Friday, January 29, 2010

Relational Truths and... my cats.

((Houdini, the adorable black ball of fur. Blizzard, only his head is showing in the corner. This picture was taken when we first found them))

Ok, go with me on this one... I had an epiphany last night concerning our two cats. We have Blizzard, who is the super outgoing, curious, fearless cat. We also have Houdini, who is scared of everything, always on edge, never quick to trust, always an arms length away from anyone (most of the time).

Last night, as Blizzard climbed all over me and Houdini sat (much to my dismay) on the other end of the couch, it really got me thinking. Blizzard was being annoying (and usually is any time I sit anywhere) as he was desperately pining for my affection. Climbing all over me. My book. My computer. It's really irritating at times. Because of it, I hardly ever pet him. It just seems like he is always there. Houdini, on the other hand, it seems like I am always going after that cat. I travel into the cold basement to coax him out. I use a high, sweet voice to set him at ease. I purposely walk on the other side of the room so as not to startle him if he looks frazzled. Josh and I give him treats. We hold him and pet him. We approach him slowly, tenderly so he doesn't run away. We want to be near this stinkin' cat! and yet... he is so distant. Only recently has he finally started warming up to us.

So like I said, it got me thinking. This is a very typical scenario for relationships. For example, if you are a guy and there is a girl who is all over you, always around you, incessently talking to you and desperate for your attention... it is highly unlikely that romance will bud. However, if there is a girl who has mystery, who has kept you at a distance, who doesn't feel the need to flaunt herself and isn't desperate for your attention... she is almost irresistible. Playing "hard to get" is almost always a sure bet that attention will follow. Now in a marriage setting, I think playing hard to get isn't the best idea. Sure, maintain mystery... but don't play games.
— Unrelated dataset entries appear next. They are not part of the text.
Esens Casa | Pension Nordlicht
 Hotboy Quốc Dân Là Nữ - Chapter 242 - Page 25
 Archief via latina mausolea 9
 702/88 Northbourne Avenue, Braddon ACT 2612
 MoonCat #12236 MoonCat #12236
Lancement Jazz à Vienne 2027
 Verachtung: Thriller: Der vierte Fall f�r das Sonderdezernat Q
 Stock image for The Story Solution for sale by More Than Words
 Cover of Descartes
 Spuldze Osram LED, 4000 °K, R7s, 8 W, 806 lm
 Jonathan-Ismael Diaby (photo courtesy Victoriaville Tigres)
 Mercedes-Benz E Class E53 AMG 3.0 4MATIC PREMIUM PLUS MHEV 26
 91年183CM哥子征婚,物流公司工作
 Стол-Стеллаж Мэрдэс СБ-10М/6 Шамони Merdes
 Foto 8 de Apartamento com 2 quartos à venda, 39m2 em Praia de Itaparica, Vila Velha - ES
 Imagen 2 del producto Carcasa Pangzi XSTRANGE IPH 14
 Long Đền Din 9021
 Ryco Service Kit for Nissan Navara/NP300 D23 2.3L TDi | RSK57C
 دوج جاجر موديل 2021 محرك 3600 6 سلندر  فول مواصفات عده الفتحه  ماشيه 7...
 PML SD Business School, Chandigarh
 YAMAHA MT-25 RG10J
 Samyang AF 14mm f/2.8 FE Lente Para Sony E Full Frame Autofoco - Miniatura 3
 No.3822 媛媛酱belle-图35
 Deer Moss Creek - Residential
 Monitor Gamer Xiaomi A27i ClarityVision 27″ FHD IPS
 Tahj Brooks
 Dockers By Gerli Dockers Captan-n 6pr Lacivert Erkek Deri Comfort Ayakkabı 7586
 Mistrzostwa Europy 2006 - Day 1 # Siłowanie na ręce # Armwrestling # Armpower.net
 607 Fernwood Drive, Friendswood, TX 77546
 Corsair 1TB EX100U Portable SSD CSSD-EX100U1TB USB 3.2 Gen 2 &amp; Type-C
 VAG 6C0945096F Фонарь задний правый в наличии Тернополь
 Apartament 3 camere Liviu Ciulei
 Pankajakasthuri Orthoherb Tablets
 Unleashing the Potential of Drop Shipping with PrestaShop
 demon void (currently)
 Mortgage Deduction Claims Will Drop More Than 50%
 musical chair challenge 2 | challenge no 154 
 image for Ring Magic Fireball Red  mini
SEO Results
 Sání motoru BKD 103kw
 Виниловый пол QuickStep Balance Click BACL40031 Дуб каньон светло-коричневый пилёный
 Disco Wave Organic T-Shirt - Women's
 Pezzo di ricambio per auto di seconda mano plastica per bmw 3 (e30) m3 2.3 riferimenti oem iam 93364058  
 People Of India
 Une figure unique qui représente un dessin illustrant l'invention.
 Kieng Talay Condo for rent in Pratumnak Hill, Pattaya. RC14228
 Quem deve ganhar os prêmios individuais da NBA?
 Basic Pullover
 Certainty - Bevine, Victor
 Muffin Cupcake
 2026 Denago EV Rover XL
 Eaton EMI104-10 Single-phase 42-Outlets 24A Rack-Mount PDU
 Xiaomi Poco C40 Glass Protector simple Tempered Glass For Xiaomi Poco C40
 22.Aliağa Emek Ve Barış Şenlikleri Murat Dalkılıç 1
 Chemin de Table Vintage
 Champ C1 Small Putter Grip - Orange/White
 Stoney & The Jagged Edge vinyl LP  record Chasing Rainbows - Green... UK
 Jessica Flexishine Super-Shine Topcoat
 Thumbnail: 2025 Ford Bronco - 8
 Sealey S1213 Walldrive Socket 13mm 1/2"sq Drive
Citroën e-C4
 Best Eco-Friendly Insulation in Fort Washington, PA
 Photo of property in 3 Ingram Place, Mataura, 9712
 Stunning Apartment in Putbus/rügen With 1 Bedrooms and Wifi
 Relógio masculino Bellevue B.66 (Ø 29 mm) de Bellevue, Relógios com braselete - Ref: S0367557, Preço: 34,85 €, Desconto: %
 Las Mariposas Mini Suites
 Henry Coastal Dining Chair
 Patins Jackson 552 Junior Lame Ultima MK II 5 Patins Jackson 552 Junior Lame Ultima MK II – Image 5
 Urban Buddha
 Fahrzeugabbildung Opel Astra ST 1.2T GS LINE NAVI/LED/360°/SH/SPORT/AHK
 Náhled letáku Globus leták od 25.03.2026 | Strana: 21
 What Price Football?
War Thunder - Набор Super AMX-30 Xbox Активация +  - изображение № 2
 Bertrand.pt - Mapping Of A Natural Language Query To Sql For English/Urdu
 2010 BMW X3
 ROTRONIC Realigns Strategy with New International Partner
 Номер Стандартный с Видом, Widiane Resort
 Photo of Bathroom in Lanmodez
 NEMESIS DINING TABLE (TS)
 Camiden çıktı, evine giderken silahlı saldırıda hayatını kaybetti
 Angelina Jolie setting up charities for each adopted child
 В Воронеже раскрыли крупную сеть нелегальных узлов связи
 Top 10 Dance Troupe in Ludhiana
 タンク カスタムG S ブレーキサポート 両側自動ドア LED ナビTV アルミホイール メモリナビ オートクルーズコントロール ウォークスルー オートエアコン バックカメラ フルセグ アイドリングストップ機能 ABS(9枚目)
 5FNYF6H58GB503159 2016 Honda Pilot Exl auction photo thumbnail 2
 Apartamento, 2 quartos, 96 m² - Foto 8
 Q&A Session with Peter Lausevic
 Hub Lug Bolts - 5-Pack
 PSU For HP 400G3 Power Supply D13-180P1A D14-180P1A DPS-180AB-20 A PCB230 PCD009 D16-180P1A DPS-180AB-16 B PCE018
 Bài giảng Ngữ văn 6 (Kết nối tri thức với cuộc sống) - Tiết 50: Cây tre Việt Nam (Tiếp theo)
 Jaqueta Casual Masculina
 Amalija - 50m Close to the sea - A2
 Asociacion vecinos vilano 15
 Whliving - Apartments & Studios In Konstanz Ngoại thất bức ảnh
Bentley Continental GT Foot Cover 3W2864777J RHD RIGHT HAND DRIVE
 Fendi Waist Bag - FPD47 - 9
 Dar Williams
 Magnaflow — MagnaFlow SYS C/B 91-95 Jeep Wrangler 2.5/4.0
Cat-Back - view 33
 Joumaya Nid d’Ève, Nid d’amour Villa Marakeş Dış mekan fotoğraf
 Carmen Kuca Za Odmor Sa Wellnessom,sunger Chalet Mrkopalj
However, in dating and courtship, it's a sure way to get someone's interest.

Now please excuse me, I haven't seen Houdini all morning and I want to go find him...

(Blizzard, of course, is rubbing his head on the corner of my computer screen)

Monday, January 25, 2010

Things I'd like to do :-)

Dreaming makes winter everything better...
Here are a few of mine I've been mulling over the last week or so.

#1. I would like to acquire a tandem bike and ride around town all summer on it with Joshua:

((Wouldn't that be the cutest/dorkiest/funnest thing ever?!))

#2. I want to live in and raise my children in a house like this:

or this:

#3. I would like to learn calligraphy.
and to write letters and cards to my dear friends and family.
To tell them of my affections for them.
To remind them how deep the love I have for them really is.

#4. I want to write them using these:

#5. and I want them to be on bright and colorful cards
that immediately make the person receiving them feel warm and happy.
Like these:

#6. I would like to dress up more often.
Literally "dress" up. As in, wear an actual dress.
At least once a week.
(Unless it's a super cold week... Then I shall "pants, socks, and boots" up.)

Some of these are things I can start right now
(for example, the card writing and dressing up).
Some will have to wait.
It's fun to dream though, isn't it?

Sunday, January 24, 2010

A Chance To Die: "He knows about the boats."

Early in Amy's adult missionary life, she sailed the high seas to Japan. She learned the language, served, and ministered to the people there. It was a short season of her life, but helped to shape her future.
A group of missionaries had decided to take a long journey to another part of the island of Japan. It required several days of travel by foot and wagon, as well as several days on a boat. The land part of the journey went very well. They arrived at the harbor where they were to board a boat to be on their way to minister to another part of the island except that....

the boats were delayed....... for days.

No one had any knowledge of when they would arrive. The friends in their little traveling company were getting quite impatient that the boat was not there. The boats absence was interfering with the Lords work!

Until one gentleman, their leader, said, "God knows about the boats." With that, they all fell into silent obedience. Amy found herself another life motto to live by. She found herself reassuringly saying "God knows about the ______" for the rest of her life.

For Amy, God knew about the children. He knew about their need for food. Their need for financial support. Their need for help. He knew about the difficulty they faced every day as they poured out their lives to serve and raise hundreds of children.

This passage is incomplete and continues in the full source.